Erhalte ein Arbeitnehmer neben seiner Vergütung eine zusätzliche, hohe Provision, könne nicht ohne weiteres davon ausgegangen werden, dass für Überstunden eine zusätzliche Vergütung erwartet werde. In diesen Fällen müssten besondere Umstände hinzutreten. Oder aber es müsse allgemein üblich sein, zu der hohen Provision noch Überstunden bezahlt zu bekommen.
Solche besonderen Umstände habe der Kläger vorliegend jedoch nicht angegeben. Insbesondere seien die Provisionen, die er neben der Festvergütung erhalten habe, nicht unerheblich gewesen. Darüber hinaus sei auch nicht ganz klar geworden, wie hoch die tatsächliche vertraglich vereinbarte wöchentliche Arbeitszeit gewesen war.

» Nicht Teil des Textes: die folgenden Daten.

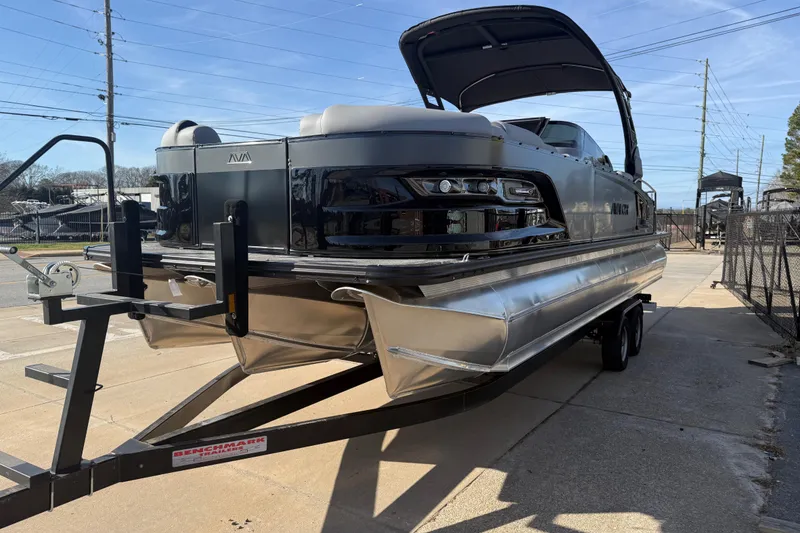 Slide: The Image of 2026 Avalon Excalibur LTD Quad Lounge Windshield pontoon boat on trailer. - 7
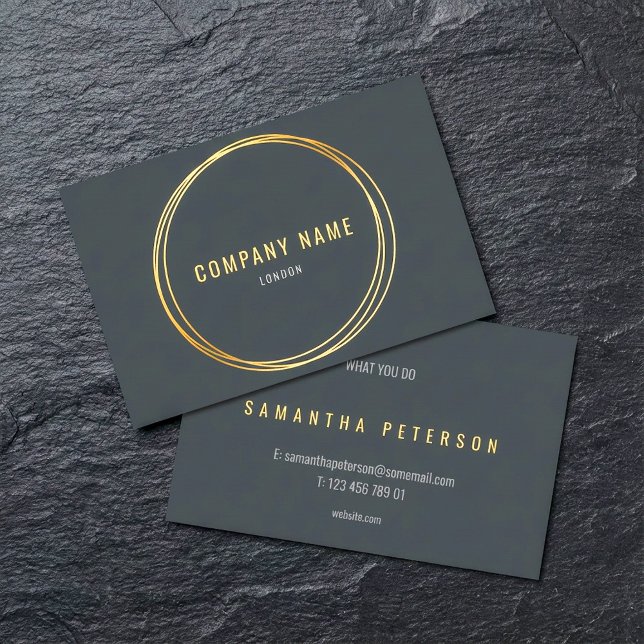 Gold effect, gold rings, dark grey bold text business card (Gold effect, gold rings, dark grey bold text business card.)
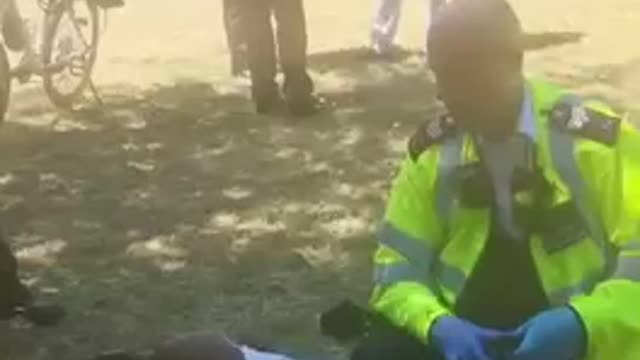 Racist police officer beating up black boy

Selbst wenn jedoch 35 Wochenstunden zugrunde gelegt würden, habe der Kläger letztlich Überstunden nur in einem relativ geringen Umfang gemacht.
Das Gericht sprach dem Kläger keine weitere Vergütung für die geleisteten Überstunden zu. Er konnte dem Gericht nicht ausreichend vermitteln, für die Überstunden tatsächlich auch eine Zahlung erwartet zu haben.
Das sagen wir dazu:
Arbeitnehmer*innen arbeiten oft länger, als im Arbeitsvertrag vereinbart wurde. Werden diese zusätzlichen Stunden vom Arbeitgeber angeordnet und gibt es eine Vereinbarung, wonach die Stunden zu vergüten sind, lässt sich die entsprechende Bezahlung durchaus durchsetzen.
Probleme entstehen jedoch in der Praxis. Entweder lässt sich nicht beweisen, dass Überstunden angeordnet worden waren. Dann entfällt häufig aus diesem Grund schon ein Zahlungsanspruch.
Oder aber es gibt - wie im vorliegenden Fall – eine schriftliche Vereinbarung, wonach Überstunden mit dem Gehalt abgegolten sind. Dann muss geprüft werden, ob man im Einzelfall tatsächlich davon ausgehen konnte, dennoch Geld für die geleisteten Stunden zu erhalten.
Die Schwierigkeiten liegen hier oft nicht im juristischen Bereich. Vielmehr ist es die Praxis, die Hürden für die Anerkennung solcher Überstunden stellt. Letztlich sind es die Arbeitnehmer*innen, die beweisen müssen, Überstunden geleistet und einen Zahlungsanspruch zu haben.
Dies ist Grund genug dafür, in entsprechenden Situationen von vorneherein klarzustellen, was geschieht, wenn die Arbeit länger andauert, als ursprünglich geplant. Aber selbst das ist im konkreten Arbeitsverhältnis häufig schwierig.
Zumindest eine lückenlose Dokumentation wird aber erwartet werden müssen. Jede Überstunden ist in einem gerichtlichen Prozess im Einzelnen aufzuführen und näher zu beleuchten. Das macht Überstundenprozesse oft zu unübersichtlichen, langwierigen und vielfach mühsamen Verfahren.
Rechtliche Grundlagen
Vergütung
§ 612 Vergütung
(1) Eine Vergütung gilt als stillschweigend vereinbart, wenn die Dienstleistung den Umständen nach nur gegen eine Vergütung zu erwarten ist.
(2) Ist die Höhe der Vergütung nicht bestimmt, so ist bei dem Bestehen einer Taxe die taxmäßige Vergütung, in Ermangelung einer Taxe die übliche Vergütung als vereinbart anzusehen.